Notice

2011/4

 

Takeovers Code (Durante Holdings Pty Limited ) Exemption Notice 2011

Pursuant to section 45 of the Takeovers Act 1993, the Takeovers Panel gives the following notice (to which is appended a statement of reasons of the Takeovers Panel).

Contents

  1. Title
  2. Application
  3. Expiry
  4. Interpretation
  5. Exemption from rule 27 of Code
  6. Condition of exemptions in clauses 5

Notice

1
Title
This notice is the Takeovers Code (Durante Holdings Pty Limited) Exemption Notice 2011.
2
Application
This notice applies to acts or omissions occurring on or after 28 January 2011.
3
Expiry
This notice expires on the close of 8 February 2011
4
Interpretation
(1)

In this notice, unless the context otherwise requires,-

Act means the Takeovers Act 1993

Code means the Takeovers Code under the Act

Durante means Durante Holdings Pty Limited, a company incorporated in Australia

offer means Durante's partial offer on 14 January 2011 for 5% of the ordinary voting shares in Michael Hill International Limited that it does not already hold

variation means the variation of the offer made by Durante on 28 January 2011.

(2)
Any term or expression that is defined in the Act or the Code and used, but not defined, in this notice has the same meaning as in the Act or the Code.
5

Exemption from rule 27 of Code
Durante is exempted from rule 27 of the Code in respect of the variation.

6

Conditions of exemption in clause 5
The exemption in clause 5 is subject to the condition that the variation does 1 or more of the following:

(a)
increases an existing component or components of the consideration under the offer:
(b)
adds a cash component to the consideration under the offer:
(c)
adds to the offer a cash alternative (if the directors of Michael Hill International Limited have given their prior written approval):
(d)
extends the offer period in accordance with rule 24A or 24B of the Code:
(e)
if the offer period is extended, varies the date that must be specified under rule 25(2) of the Code.


Dated at Auckland this 4th day of February 2011.

The Common Seal of the Takeovers Panel was affixed in the presence of:

David Jones
Chairperson


Statement of reasons

The notice applies to acts or omissions occurring on or after 28 January 2011 and expires on 8 February 2011.

Durante Holdings Pty Limited (Durante) has made a partial offer for 5% of the ordinary voting shares in Michael Hill International Limited (Michael Hill) that it does not already hold.

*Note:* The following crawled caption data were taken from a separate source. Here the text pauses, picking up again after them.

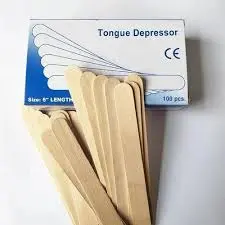 WOODEN TONGUE DEPRESSOR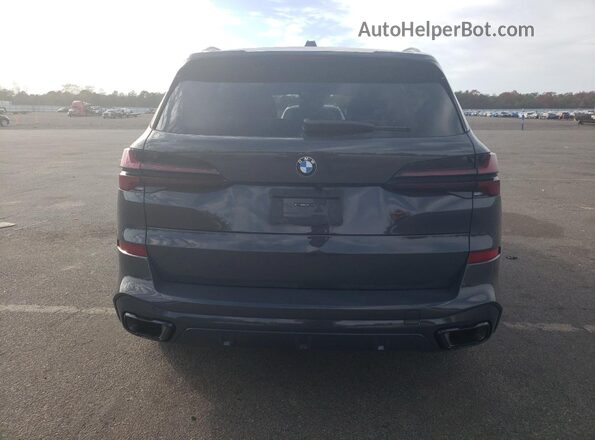 5UX23EU08R9T54363 2024 BMW X5 Gray უკანა ხედი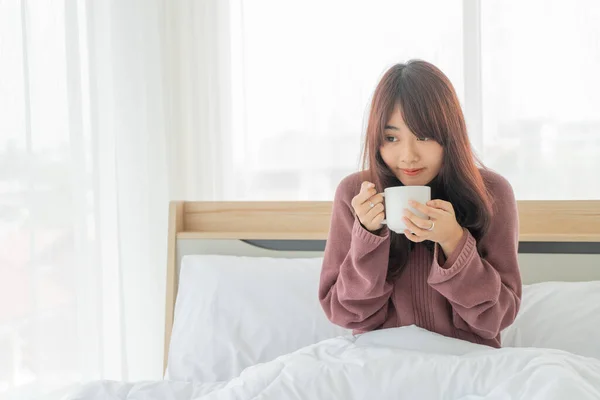 Güzel Asyalı Kadınlar Sabahları Yatakta Kahve Içerler — Stok fotoğraf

Durante's offer was conditional upon Durante receiving acceptances by the closing date of the offer on 12 February 2011 for that number of Michael Hill shares that would give Durante ownership of 50.01% of the voting rights in Michael Hill (the minimum acceptance condition). The offer specified that it became unconditional on 11 February 2011 (the unconditional date).

After Durante had made the offer, it became apparent that the unconditional date and the minimum acceptance condition were inconsistent because the minimum acceptance condition was expressed to be effective until the closing date of the offer, which was 1 day later than the unconditional date.

On 28 January 2011, Durante extended the closing date of the offer to 28 February 2011. To align the unconditional date and the minimum acceptance condition, the unconditional date was also extended to 28 February. In the absence of an exemption, Durante could not extend the unconditional date to 28 February due to the proviso in rule 27(e) of the Takeovers Code (the Code), which prevents an offeror from extending the unconditional date by more than the period of time by which the offer period is extended.

The Takeovers Panel has granted a retrospective exemption for Durante from rule 27 of the Code in order to allow Durante to vary the offer in order to align the closing date of the offer and the unconditional date. The exemption is subject to the condition that Durante's variation of the offer is to do 1 or more of 5 specified actions.

The Takeovers Panel considers that it is appropriate and consistent with the objectives of the Code to grant the exemption because-

  • the technical error contained in the offer document was inadvertent and the mistake was only discovered after the offer had been made; and
  • no shareholder or other person will be adversely affected or disadvantaged by the exemption; and
  • the exemption maintains a proper relationship between the costs of complying with the Code and the benefits arising from compliance.

Issued under the authority of the Acts and Regulations Publication Act 1989.
Date of notification in Gazette:
This notice is administered by the Takeovers Panel.